The most random thing to come from our friendship is I’ve had some people introduce themselves to me and say that Julien Baker told them either about me or my music or my nonprofit. So, like, that’s always a weird fucking thing to experience.
The new album is being written and demo’d right now! I love it – the process of seeing how some songs begin, how they evolve, and how the mold into new things that you never imagined them being. And working with a band through this process is already changing the way I approach this new album because while my last album was presented as a full band effort – it was very much written separately in parts. This new album (my first proper LP since 2011, mind you) is being written in collaboration with the dudes in the band. Sure, I’m constructing the main structures and skeletons for the songs, especially the words and themes – but I’m opening myself up more to the input of the band.

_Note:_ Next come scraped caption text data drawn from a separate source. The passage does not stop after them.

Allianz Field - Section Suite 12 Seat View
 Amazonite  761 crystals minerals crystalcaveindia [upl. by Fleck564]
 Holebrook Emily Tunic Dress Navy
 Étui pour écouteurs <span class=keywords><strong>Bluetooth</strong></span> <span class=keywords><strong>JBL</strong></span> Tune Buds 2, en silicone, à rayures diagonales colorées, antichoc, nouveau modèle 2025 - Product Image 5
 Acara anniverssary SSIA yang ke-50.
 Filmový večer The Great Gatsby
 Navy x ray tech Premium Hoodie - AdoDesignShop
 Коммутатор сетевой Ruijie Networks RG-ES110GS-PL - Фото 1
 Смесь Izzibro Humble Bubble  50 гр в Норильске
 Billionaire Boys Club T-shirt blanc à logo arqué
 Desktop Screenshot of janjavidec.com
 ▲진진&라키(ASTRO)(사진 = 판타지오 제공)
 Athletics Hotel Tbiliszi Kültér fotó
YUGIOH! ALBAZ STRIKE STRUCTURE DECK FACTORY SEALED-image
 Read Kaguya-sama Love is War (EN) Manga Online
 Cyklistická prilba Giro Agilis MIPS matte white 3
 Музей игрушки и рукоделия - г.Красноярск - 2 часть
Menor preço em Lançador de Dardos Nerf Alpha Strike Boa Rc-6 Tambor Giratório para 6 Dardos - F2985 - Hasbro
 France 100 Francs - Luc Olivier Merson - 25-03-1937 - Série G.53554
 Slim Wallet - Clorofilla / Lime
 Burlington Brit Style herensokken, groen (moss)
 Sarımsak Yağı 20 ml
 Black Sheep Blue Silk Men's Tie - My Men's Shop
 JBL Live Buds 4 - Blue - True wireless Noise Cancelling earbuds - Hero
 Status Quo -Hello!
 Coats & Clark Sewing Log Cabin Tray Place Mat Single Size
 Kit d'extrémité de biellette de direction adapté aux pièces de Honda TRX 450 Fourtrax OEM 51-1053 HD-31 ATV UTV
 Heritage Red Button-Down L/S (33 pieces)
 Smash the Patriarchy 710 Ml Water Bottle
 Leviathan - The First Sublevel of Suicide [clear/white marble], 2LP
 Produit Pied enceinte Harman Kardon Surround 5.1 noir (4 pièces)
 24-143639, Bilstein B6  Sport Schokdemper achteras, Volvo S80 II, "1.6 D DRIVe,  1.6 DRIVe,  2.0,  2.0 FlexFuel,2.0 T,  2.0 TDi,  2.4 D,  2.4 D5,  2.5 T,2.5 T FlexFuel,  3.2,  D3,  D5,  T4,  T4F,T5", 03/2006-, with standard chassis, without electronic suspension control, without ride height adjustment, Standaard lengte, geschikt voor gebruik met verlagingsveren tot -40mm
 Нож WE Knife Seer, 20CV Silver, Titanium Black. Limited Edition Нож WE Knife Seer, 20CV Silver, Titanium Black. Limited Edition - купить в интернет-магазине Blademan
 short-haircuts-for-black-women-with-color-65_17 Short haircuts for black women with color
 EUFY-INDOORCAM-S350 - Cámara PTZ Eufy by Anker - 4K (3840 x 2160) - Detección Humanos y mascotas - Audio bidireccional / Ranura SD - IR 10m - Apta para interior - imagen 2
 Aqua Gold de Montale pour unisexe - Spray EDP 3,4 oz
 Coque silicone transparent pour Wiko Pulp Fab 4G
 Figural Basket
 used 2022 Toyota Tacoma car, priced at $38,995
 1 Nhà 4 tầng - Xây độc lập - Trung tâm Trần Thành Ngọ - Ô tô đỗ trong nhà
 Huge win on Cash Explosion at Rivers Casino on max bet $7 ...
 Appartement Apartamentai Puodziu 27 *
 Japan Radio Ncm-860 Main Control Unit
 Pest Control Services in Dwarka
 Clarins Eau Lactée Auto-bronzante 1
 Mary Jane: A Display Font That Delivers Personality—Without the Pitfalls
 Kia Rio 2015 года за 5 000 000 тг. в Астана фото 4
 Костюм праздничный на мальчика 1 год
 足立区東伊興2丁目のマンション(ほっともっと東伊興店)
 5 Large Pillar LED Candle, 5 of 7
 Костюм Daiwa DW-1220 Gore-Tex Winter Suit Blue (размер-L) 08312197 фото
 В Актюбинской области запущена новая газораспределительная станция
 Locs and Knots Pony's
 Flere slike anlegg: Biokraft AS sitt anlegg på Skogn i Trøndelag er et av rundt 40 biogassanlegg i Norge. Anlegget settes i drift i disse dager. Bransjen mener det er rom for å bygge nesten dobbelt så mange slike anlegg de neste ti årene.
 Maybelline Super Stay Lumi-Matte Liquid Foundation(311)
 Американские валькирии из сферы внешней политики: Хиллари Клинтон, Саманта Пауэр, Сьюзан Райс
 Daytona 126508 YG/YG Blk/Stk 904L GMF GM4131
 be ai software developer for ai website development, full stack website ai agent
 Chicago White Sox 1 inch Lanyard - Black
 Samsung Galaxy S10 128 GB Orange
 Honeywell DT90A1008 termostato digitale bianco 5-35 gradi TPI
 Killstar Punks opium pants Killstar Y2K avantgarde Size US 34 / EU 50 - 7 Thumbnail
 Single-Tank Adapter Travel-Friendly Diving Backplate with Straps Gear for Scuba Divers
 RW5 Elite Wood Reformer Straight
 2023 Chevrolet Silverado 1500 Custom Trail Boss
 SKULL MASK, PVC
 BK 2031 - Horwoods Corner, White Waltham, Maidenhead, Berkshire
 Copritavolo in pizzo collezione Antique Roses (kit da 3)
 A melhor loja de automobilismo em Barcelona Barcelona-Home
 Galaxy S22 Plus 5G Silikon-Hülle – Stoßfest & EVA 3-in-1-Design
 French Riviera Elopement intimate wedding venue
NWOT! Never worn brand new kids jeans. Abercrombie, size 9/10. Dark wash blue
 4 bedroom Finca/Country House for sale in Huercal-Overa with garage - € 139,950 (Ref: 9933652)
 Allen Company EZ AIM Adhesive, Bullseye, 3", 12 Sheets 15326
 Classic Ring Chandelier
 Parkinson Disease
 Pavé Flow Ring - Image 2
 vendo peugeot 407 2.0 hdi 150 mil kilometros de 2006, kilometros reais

Also, the album will even be released under a different name than Another Musician – a band name (sort of how you made that move with House Sparrow
). Haven’t settled on a name just yet, but I have some ideas that I’m kicking around. It’ll be cool to release this one as a band because it’s going to represent more than me, I think. I’m writing more accessible music and words, which is hopefully gonna make the project connect with a bigger/different audience. while remaining true to my style and ethics. I’ll likely still use AM for my solo releases moving forward, though. Which, I hope to even release a lo-fi acoustic/spoken word album in 2019 as well. A LOT HAPPENING!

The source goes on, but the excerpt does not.